Likewise, when Churchill returned as prime minister in 1951 after a five-year hiatus, he reissued his brevity memo.

“Official papers are too long and diffuse,” he said.

Or consider the company that wants to cut down on single-topic emails to employees (good idea) by creating a newsletter (good solution) only to see emails creep into the mix. Effective communication takes constant effort.

6. Human shield. Comms teams are often inundated with requests from all corners of the company to publicize things of little interest. Effective team leaders shield their teams from such time-consuming requests.

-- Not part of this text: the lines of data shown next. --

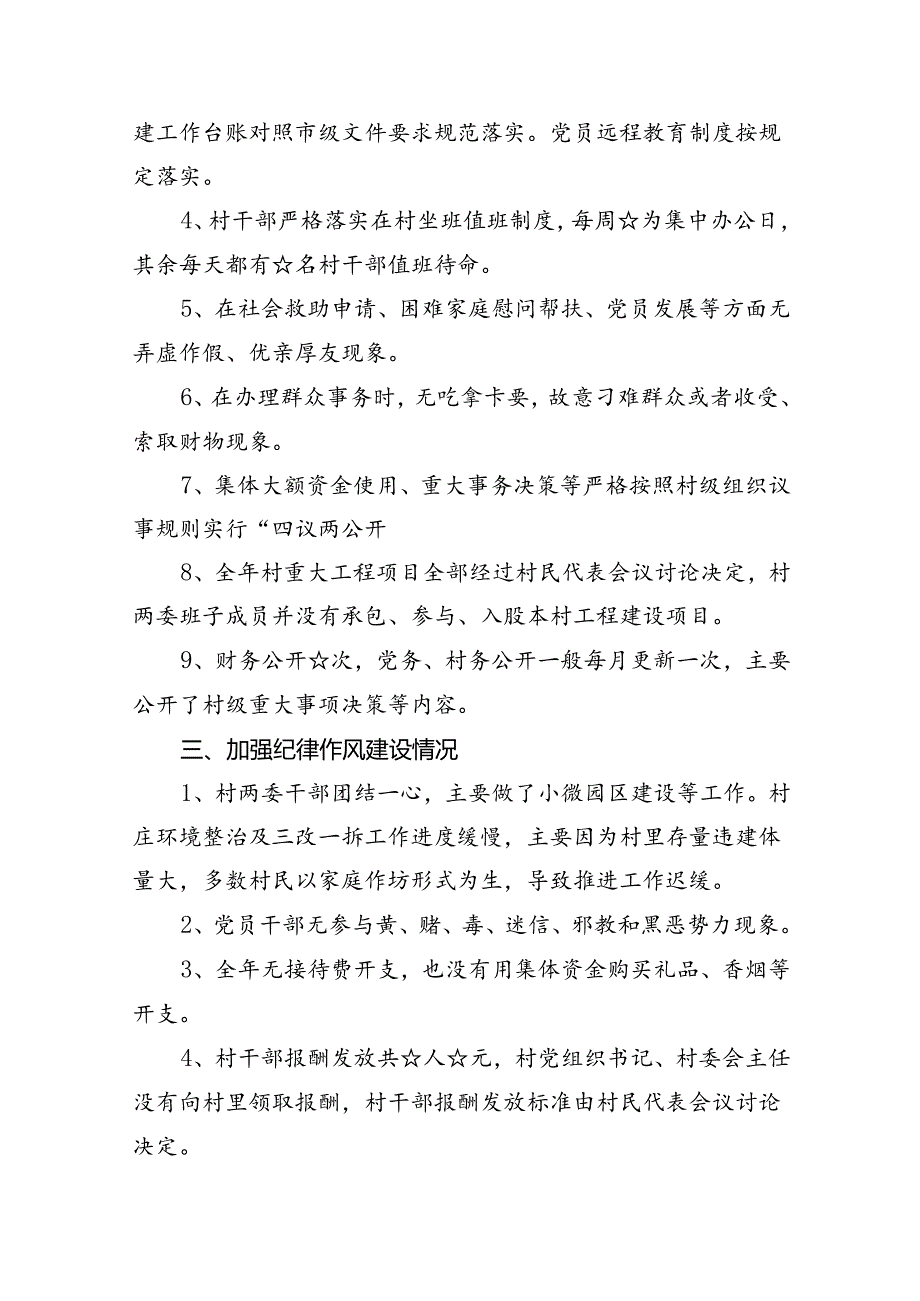 (八篇)2024年全面从严治党主体责任情况报告全面从严治党工作情况总结报告(精品).docx_第3页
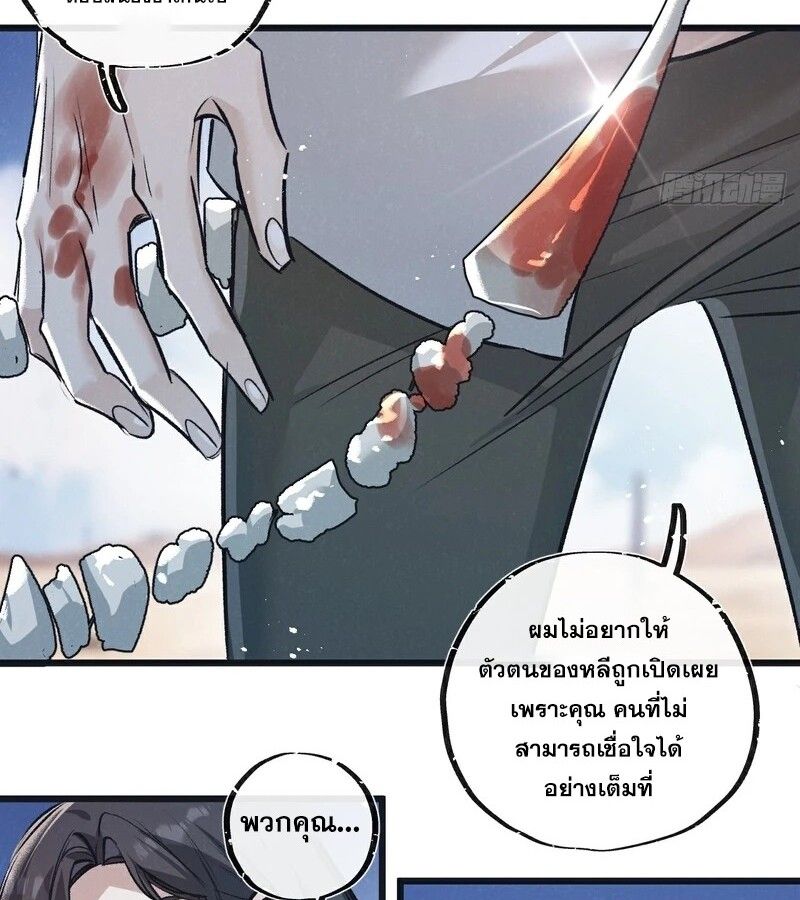 Apocalyptic Super Farm ตอนที่ 56 33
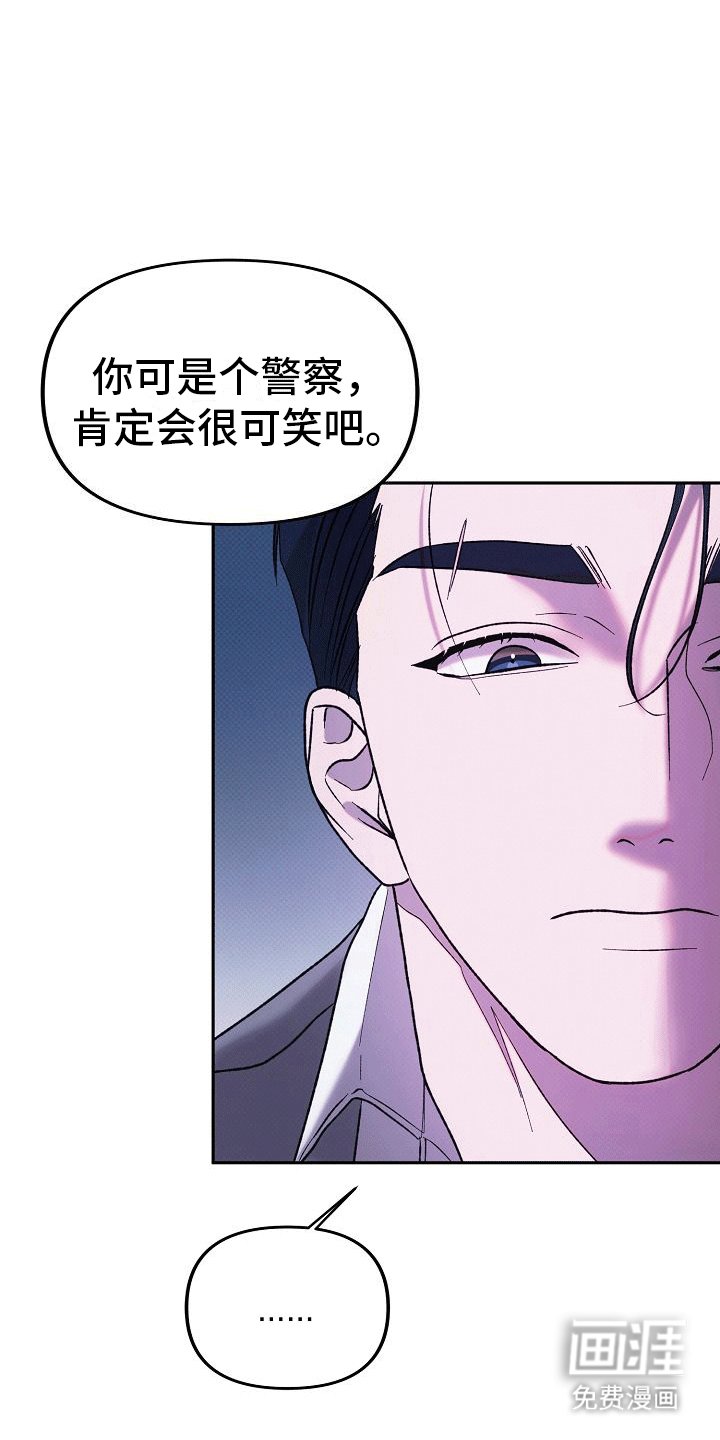 第5章：威胁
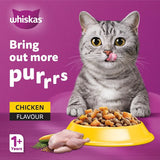 Whiskas Bag Chicken 1+ 480gm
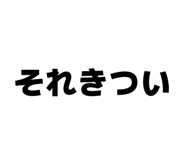 841343116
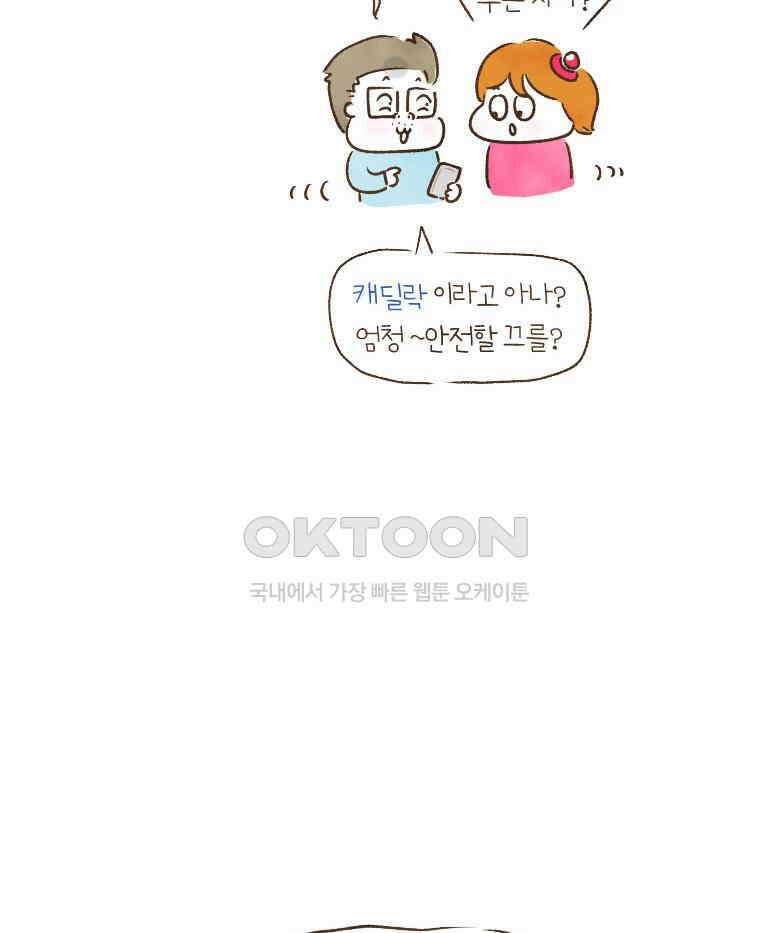 딩스뚱스 189화 정도를 모를 때 5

Sutton and Rao write: “Part of a leader’s job is to take the heat, battle back, and turn murky and conflicting demands into clear expectations to protect their people from intrusions, confusion, aggravation, time sinks, and idiocy from on high so they can focus on their work.”

7. Good friction. Shielding is an example of “good friction,” which makes wrong things harder, like fulfilling comms requests with little merit.

Another example is clear rules. A secretary for a public works department said her city’s detailed snow-removal policy helped her explain to residents who were angry because their street hadn’t been plowed.

“I can refer citizens to our snow procedures and show they are not being picked on,” she said.

For that same reason, we urge comms teams to establish editorial guidelines to cut down on busywork requests and focus on the most important message.

8. Seinfeld’s tip. Sutton and Rao are by no means slaves to efficiency. In 2017, the Harvard Business Review asked Jerry Seinfeld if a consulting firm like McKinsey & Co. could devise a more sustainable way to create comedy than the traditional writers’ room.

Seinfeld: Who’s McKinsey?

Review: It’s a consulting firm.

Seinfeld: Are they funny?

Review: No.

Seinfeld: Then I don’t need them. If you’re efficient, you’re doing it the wrong way. The right way is the hard way.

Sutton and Rao write, “Seinfeld’s belief that streamlining creativity can kill it is bolstered by piles of studies.”

Effective communication, especially even about mundane matters like benefits enrollment, requires creativity.

For those who look to AI as a shortcut to creativity: Keep looking.